Estes vectores devem ser vistos de forma integrada. O 1º decorre da necessidade de valorizar as potencialidades do concelho. Já a qualidade residencial , que já vai existindo , pode ser aproveitada para posteriormente fixar mão-de-obra qualificada e população que vá suportando o desenvolvimento daquelas actividades e seja o mercado local de serviços mais especializados.
OBJECTIVOS DO PDM:
Chegado a este ponto já posso esboçar aqueles que tenho como os OBJECTIVOS fundamentais a consagrar no PDM de Alcochete.
- promover o desenvolvimento do terciário médio e superior , criando espaços , equipamentos e demais factores que favoreçam a sua instalação;
- afirmar Alcochete como espaço de qualidade residencial;
- detectar e resolver os estrangulamentos ambientais e salvaguardar o património histórico e cutural do concelho;
- melhorar as condições de vida das populações mais desfavorecidas do concelho ( o caso do Passil é confrangedor).
LINHAS ESTRATÉGICAS:
Os objectivos acima referidos impõem que a Câmara Municipal assuma uma estratégia que se poderia designar de «Desenvolvimento Selectivo».

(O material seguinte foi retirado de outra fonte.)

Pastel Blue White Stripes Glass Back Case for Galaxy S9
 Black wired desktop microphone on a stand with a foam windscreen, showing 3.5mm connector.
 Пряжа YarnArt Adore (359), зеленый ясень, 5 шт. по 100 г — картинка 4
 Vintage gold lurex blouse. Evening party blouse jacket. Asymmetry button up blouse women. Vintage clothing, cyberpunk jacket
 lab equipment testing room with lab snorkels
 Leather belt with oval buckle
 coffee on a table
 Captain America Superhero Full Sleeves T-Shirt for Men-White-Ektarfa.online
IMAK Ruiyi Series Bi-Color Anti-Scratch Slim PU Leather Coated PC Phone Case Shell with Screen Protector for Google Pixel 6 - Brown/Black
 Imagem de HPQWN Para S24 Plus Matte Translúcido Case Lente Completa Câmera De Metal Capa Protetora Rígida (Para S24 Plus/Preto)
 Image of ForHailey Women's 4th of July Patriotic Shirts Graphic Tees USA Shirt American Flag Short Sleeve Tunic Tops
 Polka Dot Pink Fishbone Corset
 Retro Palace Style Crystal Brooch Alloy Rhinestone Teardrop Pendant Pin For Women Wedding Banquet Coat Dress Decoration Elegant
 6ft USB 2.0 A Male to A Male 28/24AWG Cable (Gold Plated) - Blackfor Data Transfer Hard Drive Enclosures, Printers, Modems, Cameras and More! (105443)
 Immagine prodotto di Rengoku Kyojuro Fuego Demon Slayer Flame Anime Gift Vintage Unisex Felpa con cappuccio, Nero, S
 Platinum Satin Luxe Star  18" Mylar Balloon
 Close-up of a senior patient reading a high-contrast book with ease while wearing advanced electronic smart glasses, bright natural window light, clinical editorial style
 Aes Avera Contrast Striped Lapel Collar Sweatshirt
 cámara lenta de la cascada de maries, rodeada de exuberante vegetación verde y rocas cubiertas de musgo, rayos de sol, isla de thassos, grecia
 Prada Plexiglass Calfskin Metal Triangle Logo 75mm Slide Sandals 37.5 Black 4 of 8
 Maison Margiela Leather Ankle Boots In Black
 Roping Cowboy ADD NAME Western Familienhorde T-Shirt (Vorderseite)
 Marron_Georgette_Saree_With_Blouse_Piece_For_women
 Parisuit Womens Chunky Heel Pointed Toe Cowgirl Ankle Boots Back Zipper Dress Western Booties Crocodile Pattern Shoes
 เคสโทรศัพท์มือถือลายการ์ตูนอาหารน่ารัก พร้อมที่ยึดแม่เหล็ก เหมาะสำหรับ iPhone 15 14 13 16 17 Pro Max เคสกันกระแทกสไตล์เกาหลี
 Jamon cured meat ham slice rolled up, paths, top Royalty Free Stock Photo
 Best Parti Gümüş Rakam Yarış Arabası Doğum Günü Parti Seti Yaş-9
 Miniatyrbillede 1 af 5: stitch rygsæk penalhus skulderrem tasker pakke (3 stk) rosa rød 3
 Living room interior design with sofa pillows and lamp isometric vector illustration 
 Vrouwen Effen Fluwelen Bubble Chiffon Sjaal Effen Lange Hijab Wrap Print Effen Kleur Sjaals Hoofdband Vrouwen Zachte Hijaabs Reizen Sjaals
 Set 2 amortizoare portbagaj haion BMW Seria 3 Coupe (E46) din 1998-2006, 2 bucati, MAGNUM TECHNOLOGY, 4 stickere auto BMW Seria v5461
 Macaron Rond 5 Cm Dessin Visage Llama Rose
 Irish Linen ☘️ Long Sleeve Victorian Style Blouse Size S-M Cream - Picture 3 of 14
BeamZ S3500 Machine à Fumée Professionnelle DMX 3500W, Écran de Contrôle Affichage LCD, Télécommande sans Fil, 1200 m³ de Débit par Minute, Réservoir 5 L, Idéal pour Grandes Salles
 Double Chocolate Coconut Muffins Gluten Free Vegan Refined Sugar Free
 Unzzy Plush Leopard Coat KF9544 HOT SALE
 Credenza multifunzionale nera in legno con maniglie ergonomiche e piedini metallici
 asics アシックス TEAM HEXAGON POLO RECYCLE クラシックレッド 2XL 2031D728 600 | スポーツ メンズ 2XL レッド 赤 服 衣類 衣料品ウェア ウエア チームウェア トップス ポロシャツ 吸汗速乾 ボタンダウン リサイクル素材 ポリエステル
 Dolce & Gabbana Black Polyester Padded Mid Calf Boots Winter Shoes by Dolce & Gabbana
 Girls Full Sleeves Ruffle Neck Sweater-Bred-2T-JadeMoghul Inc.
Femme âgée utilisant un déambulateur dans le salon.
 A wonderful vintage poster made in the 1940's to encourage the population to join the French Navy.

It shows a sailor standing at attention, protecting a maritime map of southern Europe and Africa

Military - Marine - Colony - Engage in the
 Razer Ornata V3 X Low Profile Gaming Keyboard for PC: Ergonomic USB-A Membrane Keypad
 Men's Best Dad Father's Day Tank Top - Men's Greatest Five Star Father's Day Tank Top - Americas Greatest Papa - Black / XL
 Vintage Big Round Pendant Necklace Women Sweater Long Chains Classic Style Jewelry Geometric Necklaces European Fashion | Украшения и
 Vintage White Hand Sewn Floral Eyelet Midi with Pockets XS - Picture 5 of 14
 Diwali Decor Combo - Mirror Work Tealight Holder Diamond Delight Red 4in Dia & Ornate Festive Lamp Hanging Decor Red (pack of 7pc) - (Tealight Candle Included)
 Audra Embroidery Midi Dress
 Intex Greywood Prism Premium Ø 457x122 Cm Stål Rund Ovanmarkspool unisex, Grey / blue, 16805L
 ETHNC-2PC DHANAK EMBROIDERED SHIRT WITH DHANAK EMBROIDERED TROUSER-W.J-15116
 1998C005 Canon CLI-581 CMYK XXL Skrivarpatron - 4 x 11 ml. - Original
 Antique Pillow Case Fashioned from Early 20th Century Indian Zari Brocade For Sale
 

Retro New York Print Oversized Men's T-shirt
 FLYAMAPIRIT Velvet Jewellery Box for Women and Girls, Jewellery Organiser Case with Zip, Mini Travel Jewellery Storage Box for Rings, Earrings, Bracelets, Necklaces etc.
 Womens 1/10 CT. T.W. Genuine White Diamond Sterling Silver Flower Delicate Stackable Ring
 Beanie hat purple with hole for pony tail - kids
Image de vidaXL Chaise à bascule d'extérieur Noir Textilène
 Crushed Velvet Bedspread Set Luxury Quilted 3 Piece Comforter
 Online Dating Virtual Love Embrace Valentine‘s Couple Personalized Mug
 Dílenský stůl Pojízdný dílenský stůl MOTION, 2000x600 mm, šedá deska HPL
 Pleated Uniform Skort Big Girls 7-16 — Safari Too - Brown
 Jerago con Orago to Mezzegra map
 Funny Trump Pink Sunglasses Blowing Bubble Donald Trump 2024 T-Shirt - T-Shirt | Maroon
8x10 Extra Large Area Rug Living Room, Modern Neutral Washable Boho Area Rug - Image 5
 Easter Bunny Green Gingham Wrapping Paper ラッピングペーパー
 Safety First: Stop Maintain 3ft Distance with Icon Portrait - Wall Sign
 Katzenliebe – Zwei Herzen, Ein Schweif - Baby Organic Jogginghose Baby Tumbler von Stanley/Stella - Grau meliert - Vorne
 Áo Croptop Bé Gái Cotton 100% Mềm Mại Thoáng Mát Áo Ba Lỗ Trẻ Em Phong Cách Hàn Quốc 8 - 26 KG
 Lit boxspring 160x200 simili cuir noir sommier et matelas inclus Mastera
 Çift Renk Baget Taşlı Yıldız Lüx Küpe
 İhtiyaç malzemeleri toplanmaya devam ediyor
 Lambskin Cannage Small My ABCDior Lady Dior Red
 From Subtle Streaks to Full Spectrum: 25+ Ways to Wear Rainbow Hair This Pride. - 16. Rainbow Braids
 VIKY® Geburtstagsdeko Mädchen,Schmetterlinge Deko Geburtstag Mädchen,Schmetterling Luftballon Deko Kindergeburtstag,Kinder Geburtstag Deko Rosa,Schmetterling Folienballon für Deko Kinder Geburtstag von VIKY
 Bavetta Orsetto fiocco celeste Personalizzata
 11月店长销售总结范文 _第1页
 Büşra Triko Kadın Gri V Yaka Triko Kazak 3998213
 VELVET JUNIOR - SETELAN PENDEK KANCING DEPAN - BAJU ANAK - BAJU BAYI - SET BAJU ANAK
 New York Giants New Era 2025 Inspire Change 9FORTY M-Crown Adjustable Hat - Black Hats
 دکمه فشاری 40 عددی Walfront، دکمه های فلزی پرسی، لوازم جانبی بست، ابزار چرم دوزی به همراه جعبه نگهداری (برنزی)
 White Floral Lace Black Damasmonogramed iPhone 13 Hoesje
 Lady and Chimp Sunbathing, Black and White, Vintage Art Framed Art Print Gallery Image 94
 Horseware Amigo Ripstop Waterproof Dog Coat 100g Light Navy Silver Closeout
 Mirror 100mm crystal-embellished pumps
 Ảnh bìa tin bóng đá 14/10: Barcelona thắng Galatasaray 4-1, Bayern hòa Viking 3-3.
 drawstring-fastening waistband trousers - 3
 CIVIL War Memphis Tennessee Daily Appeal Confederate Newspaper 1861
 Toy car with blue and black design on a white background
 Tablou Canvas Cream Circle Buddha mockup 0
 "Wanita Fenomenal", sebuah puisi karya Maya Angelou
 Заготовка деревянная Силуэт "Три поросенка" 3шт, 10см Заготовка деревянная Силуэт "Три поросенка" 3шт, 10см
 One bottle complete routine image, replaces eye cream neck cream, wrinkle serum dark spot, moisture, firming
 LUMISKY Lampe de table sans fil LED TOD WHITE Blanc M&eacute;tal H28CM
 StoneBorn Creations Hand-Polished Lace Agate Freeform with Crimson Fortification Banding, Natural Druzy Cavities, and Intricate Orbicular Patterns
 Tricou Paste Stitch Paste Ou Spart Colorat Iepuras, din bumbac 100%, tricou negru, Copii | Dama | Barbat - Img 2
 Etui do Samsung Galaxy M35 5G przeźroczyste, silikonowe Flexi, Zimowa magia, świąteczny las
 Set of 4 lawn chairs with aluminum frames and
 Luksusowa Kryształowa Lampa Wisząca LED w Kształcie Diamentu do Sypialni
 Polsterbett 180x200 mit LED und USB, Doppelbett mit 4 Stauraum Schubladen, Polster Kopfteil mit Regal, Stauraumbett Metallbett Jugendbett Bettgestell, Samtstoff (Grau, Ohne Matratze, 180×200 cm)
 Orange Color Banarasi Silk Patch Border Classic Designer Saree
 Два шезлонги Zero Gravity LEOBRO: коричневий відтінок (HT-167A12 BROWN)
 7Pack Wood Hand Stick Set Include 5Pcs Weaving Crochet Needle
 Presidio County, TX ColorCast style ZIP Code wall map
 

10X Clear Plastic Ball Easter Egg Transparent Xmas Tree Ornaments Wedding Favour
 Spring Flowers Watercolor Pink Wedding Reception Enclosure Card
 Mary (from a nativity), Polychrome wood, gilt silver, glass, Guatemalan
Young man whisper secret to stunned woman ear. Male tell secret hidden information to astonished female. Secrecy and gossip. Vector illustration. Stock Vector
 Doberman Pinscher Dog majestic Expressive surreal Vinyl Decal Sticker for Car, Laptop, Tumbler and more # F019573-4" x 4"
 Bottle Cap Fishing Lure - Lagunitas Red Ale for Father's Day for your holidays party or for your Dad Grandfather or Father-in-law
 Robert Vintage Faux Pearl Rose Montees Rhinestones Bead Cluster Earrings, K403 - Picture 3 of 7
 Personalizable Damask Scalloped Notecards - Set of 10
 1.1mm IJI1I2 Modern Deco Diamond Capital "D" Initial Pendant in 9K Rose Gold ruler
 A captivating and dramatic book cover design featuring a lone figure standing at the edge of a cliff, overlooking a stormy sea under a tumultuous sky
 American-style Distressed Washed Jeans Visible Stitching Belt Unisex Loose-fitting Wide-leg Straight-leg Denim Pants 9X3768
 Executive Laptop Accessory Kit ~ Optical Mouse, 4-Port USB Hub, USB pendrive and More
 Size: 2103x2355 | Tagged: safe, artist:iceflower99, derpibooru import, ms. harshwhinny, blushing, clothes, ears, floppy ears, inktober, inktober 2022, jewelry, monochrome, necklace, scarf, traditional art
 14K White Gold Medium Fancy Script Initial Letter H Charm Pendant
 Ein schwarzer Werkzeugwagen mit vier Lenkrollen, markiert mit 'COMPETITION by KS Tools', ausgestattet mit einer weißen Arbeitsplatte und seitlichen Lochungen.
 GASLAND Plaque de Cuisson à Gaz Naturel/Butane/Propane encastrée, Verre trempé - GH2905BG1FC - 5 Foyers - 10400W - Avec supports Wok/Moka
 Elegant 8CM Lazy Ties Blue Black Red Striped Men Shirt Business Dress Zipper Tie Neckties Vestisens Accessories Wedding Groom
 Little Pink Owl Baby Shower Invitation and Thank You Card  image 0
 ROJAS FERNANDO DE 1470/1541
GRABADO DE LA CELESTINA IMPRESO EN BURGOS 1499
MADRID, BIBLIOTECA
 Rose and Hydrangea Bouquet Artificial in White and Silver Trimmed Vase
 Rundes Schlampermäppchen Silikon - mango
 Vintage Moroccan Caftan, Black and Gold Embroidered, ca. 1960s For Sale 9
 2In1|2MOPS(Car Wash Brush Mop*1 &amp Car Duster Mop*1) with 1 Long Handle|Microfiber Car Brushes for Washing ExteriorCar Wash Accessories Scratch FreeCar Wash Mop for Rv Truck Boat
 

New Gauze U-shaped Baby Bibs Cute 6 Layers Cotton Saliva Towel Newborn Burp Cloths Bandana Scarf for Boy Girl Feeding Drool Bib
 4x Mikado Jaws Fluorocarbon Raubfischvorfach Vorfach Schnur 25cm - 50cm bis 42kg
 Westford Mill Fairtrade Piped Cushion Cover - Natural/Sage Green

- Selectividade no acolhimento de actividades económicas (estancar o crescimento desenfreado do parque logístico) , favorecendo a instalação do terciário em detrimento das indústriais poluentes e das actividads ligadas ao transporte e manipulção de mercadorias.
- Organização da rede urbana por forma a preservar e reforçar a identidade dos aglomerados e controlar a proliferação de urbanizações sem qualquer lógica de integração , facto que pode condicionar e estrangular a possibilidade do desenvolvimento estratégico do concelho no sentido proposto.
- Criação de equipamentos necessários à melhoria da qualidade de vida da população;
- Valorização do património cultural e paisagístico numa perspectiva de fruição pela população mas também como base para novas actividades económicas.
A concretização desta estratégia implicará um conjunto de intervenções que podem ser organizadas da seguinte forma:
- Promoção da Imagem de Alcochete como um concelho social e economicamente dinâmico e de um espaço onde vale a pena viver e trabalhar;
-Ordenamento do Território , compatibilizando a produção de solo urbanizado que viabilize a estratégia proposta com a preservação da qualidade ambiental , paisagística , espaços verdes , usufruto de equipamentos , serviços e facilidades lúdico-recreativas;
- Gestão Urbanística que facilite a concretização de projectos que se insiram nesta estratégia;
- Estímulo e apoio à mobilização dos agentes privados em torno desta estratégia , seja com o envolvimento da autarquia como parceira , seja pela criação de mecanismos de incentivo.
Fica para já este modesto contributo.
Logo que tenha mais disponibilidade voltarei a esta questão.